More on what Reconstruction did and did not do

During the period of Reconstruction, Congress finally sanctioned intervention by the national government to protect the equal rights of all. 

But "equal rights" did not mean the same thing to all Radical Republicans.  In the Civil War era "rights" and "liberties" took many forms, and some seemed more essential and worth protecting than others.

There was widespread sentiment in the North that "natural rights" should be protected – slavery was against natural law and hence morally wrong.  All people should have a right to "life, liberty and the pursuit of happiness."  Many Republicans also believed that African-Americans should have access to such "civil rights" as equal treatment in law and before the courts.  These were seen as a precondition to the functioning of the Bill of Rights.

But beyond that there was little common ground.  Should African-Americans be ensured such political rights as the vote?  If so, where did that leave women?  And what about the notion of social equality?  Did "equal rights" mean that Black people should mix as equals with whites in society? 

The Radical Republican from Boston , Thaddeus Stevens, certainly thought so. He asked to be buried in a Black cemetery, under a stone bearing these words:

"I repose in this quiet and secluded spot, not from any natural preference for solitude, but finding other cemeteries limited by charter rules as to race, I have chosen this that I might illustrate in my death the principles which I advocated through a long life, Equality of Man before his Creator."

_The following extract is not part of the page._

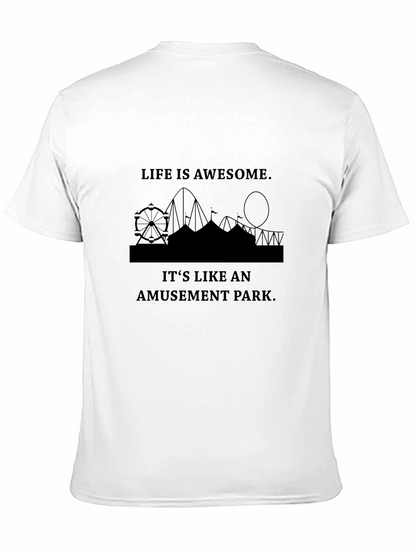 Life is Awesome Amusement Park Graphic Tee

But evidence suggests that few Americans shared his view.

Of equally critical long-term significance, there was no agreement on the matter of whether African Americans should have an equal access to the property which had belonged to disloyal Southerners.  Should they be granted a measure of economic independence, or simply be expected to fend for themselves after hundreds of years of enslavement?

Before the Civil War was over, an experiment was underway which could have profoundly influenced the future development of the nation.  When the Sea Islands south of Charleston , South Carolina were taken over by the Union Navy in November 1861, Southern planters left in a hurry.  They left behind more than 10,000 slaves and land which would be a magnet to slaves fleeing their plantations during the war years.

In early 1863, the federal government, led by Secretary of the Treasury Salmon Chase, initiated the " Port Royal experiment," which was designed to demonstrate that a system of free labor could successfully replace the South's slave system.  Land confiscated from absentee planters amounting to some 75,000 acres was sold at auction.  Most of it was bought by Boston investors.  They planned to use it to demonstrate that a profit could be made if Black workers were hired as wage labor.  Two thousand acres were sold to a group of African Americans who pooled their money to buy it.

Within two years, the land was making a large profit for the Boston investors, who sold it off to African Americans at high prices.  At the beginning of 1865, General William Sherman issued Special Field Order Number 15, setting aside the Sea Islands off the coast of South Carolina and Georgia , and all land below Charleston , South Carolina for thirty miles inland for the exclusive use of freedmen.  The land was to be divided into 40-acre "homesteads" to be leased or sold to African Americans and be worked with the help of mules leased from the Army.  Sherman later said this was to be a temporary arrangement only.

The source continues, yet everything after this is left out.